DaVinci Resolve Review | PCMag

2022-03-26 06:37:14 By : Ms. July Lee

Pro-level video editing with a capable free version

A massively powerful professional video production application, DaVinci Resolve includes all the cutting, keyframing, color grading, and audio tools pros want. It also offers a capable free version, but there's a learning curve.

Blackmagic Design’s DaVinci Resolve, though clearly professional-level video editing software, is a longtime favorite among ambitious enthusiasts because of its capable free version and the ease of use it offers—after a considerable initial investment of time learning this huge, complex software.

Blackmagic Design claims DaVinci Resolve is the only product to combine video editing, motion graphics, color coding, and audio production in one tool.
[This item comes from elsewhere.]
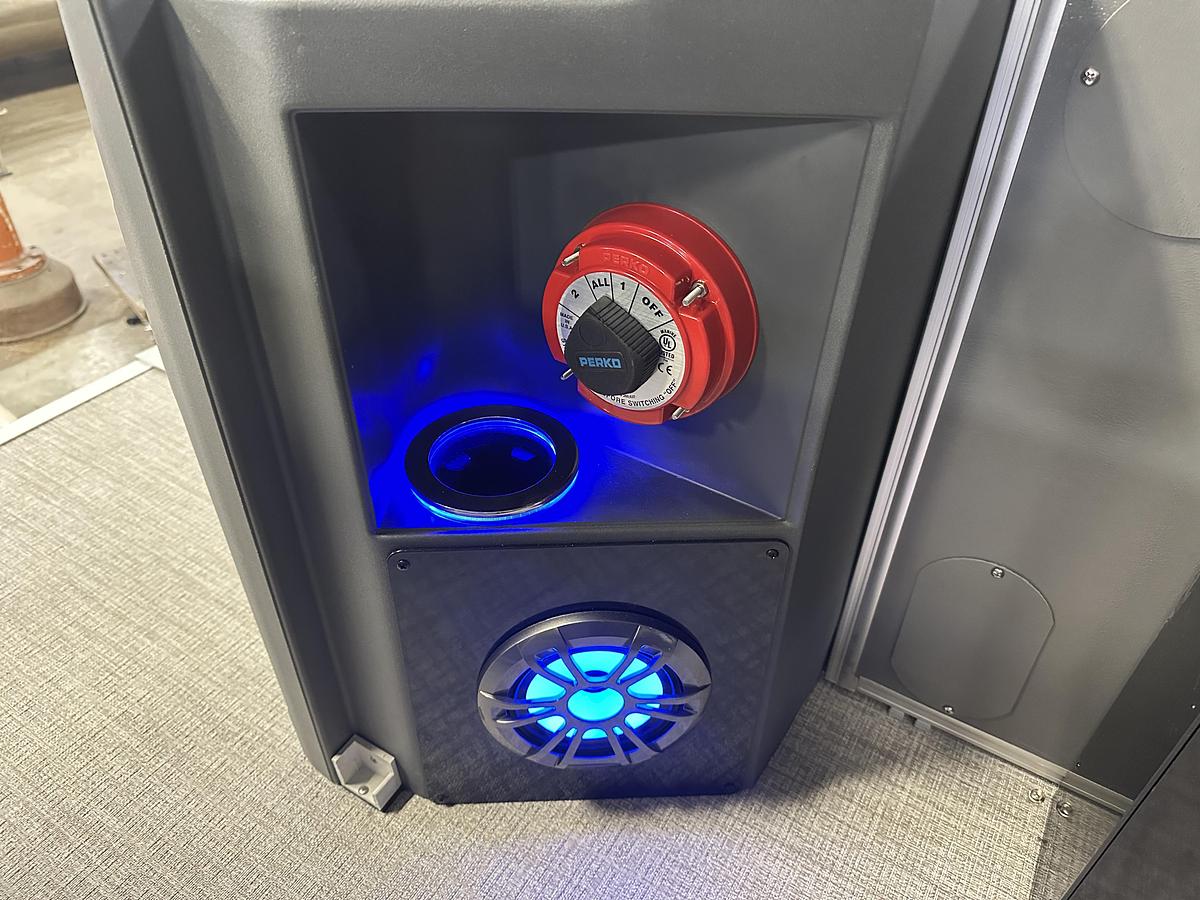 2025 Tahoe Pontoons GEOfish CRF 2585 Tritoon & 225HP Outboard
That may be if you compare it with pro-level-only software like Apple Final Cut Pro and Adobe Premiere Pro, but we’ve seen consumer-targeted software that has all those capabilities. What enthusiast video editor wouldn’t want to put those claims to the test? We did just that, and we found that the massive program delivers on them and adds innovative tools to boot, but—as mentioned—it takes some getting used to, as it doesn’t stick to the usual video interface and workflow conventions.
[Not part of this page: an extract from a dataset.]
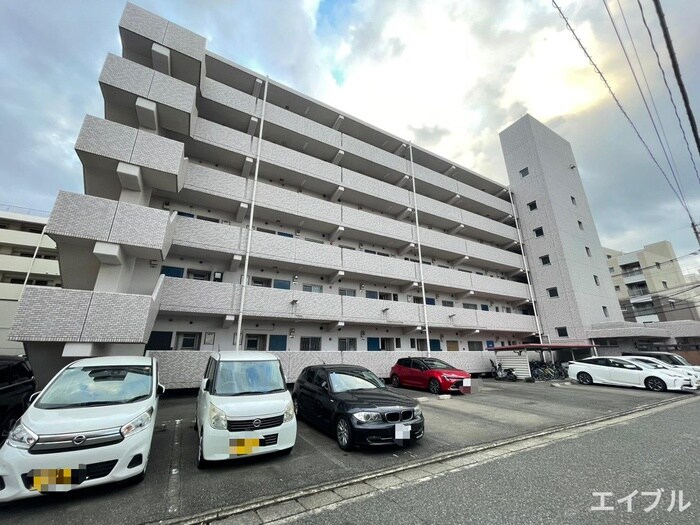 エクセレント野間の物件外観写真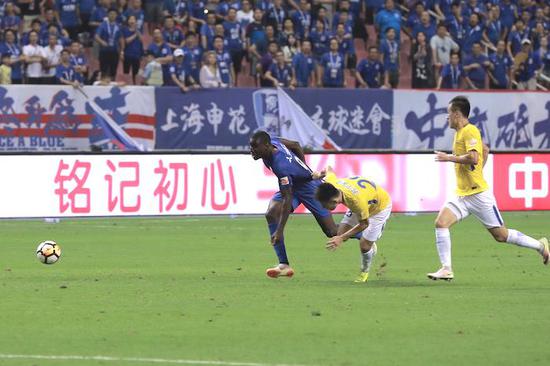  克莱蒙，保级关键战顽强守住平局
Version 17 of DaVinci Resolve adds support for new wide-gamut HDR formats and brings a powerful audio engine with 3D audio support.

The free download is popular among YouTubers and gamers, since it gives them a large subset of the program's features without the pro-level capabilities they don’t need. In fact, it’s the most powerful free video editing option you can find. The free version is surprisingly robust, offering standard editing and cutting, effects, motion graphics, color correction, and audio editing.

Some of the more advanced capabilities like DaVinci Neural Engine, stereoscopic 3D tools, dozens of extra Resolve FX filters, and Fairlight FX audio plugins, plus advanced HDR grading and HDR scopes are missing in the free version, however. In testing, I occasionally got a message saying that I would need to pay to use a tool I was trying to use. That’s perfectly understandable—you still get a lot for free.

If you want all the premium features, you have to pay a one-time fee of $295. You can only get a full license through an authorized reseller, such as B&H Photo Video. That’s probably because Blackmagic sells optional custom keyboards and panels that work with the software—those run from the $295 Speed Editor keyboard to the $29,995 Advanced Panel. The company also makes pro cinema and studio cameras ranging from the $495 Pocket Cinema Camera 4K to the $9,995 URSA Mini Pro 12K.

The $295 price just barely beats that of the $299 Apple Final Cut Pro. The latter app requires you to buy the $49.99 Motion and the $49.99 Compressor ancillary apps to get parity in functionality, however. Premiere Pro is subscription-only and costs $20.99 per month with an annual commitment. If you do the math, that means that after a year and three months, you will have paid more for Premiere Pro than DaVinci Resolve.  

DaVinci Resolve runs not only on macOS (10.14.6 Mojave and later) and Windows 10 (1703 and later), but also on Linux, though only on CentOS 7.3 or later (a derivative of Red Hat Enterprise Linux). The program also requires at least 16GB RAM—32GB for Linux, or if you want to use the Fusion motion graphics effect. It’s a 2.4GB download, which is smaller than Premiere Pro’s 3.3GB, without the motion graphics and Media Encoder software. The installation requires a system reboot, which isn’t common for software installation these days. I tested the Windows version on a Core i7 PC with 16GB RAM.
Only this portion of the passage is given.